The Hendrixes and their neighbors are, in other words, a group that most of the civilized world has given up on. Even their neighborhood, which Rory refers to as “the Calle” throughout the novel holds in its history a promise and a betrayal:
At the first curve off the I-395 a promise was erected of what was to come, bold white letters against a gold background, calle de las flores—come home to the new west. But soon after the first sewer lines were laid down and the first power lines were run up, the investors backed out because the Biggest Little City in the World was found to be exactly that, too little. With its dry, harsh climate and harsher reputation, Reno could not support suburbs of a middle-class kind, and the new home buyers needed to make the Calle’s property values thrive never arrived. Once the big money figured that out, the big money said adios and Calle de las Flores ended before it’d begun.
Eventually, “de las Flores”—“of flowers”—rots off the sign, and all that’s left is the “Calle,” suggesting that the characters who people this novel live out on the street, regardless of how warm their trailers get.
Even so, Rory and her mother and grandmother are for a time able to form a sort of feminine bower out in the high desert, with most men being unnamed, absent, or ineffectual.
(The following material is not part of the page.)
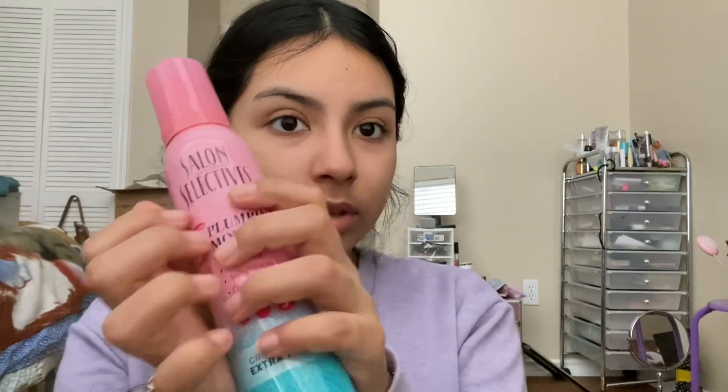Another thing I purchased is this Salon Selectives Plumping Mousse All Day. I have my sweet list control, curl-defining, and frizz-free extra hold — and it's a strong hold, so I guess it will hold my hair. My hair does get very frizzy during this humid weather. There was another one that would make your hair shiny, but I don't need that shininess — I just need my hair to stay smooth. For a dollar it's pretty good, and I love the packaging. I see a lot of Salon Selectives at this dollar store, so I can't wait to try this.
And yet it seems that the Hendrixes have tragedy and poverty in their bloodline, making it only a matter of time until what sad and miniature blisses they can form in the Calle are blown to pieces.
This description makes Girlchild sound either like poverty porn or like a vehicle for Oprah Winfrey-style uplift. Hassman flirts with the latter, and at times her novel threatens to collapse into sentimentality and melodrama. She is saved by a streak of experimentalism that runs throughout the book, which features very short chapters written in a variety of styles. The major voice is Rory’s, of course, which at its best recalls Alice Walker’s Celie in its simplicity and pathos—but other chapters are composed as dispassionate sociology, blackly humorous mathematical equations, and parodies of the language of the Girl Scout handbook. Hassman’s narration stubbornly refuses to stand still, much to its credit.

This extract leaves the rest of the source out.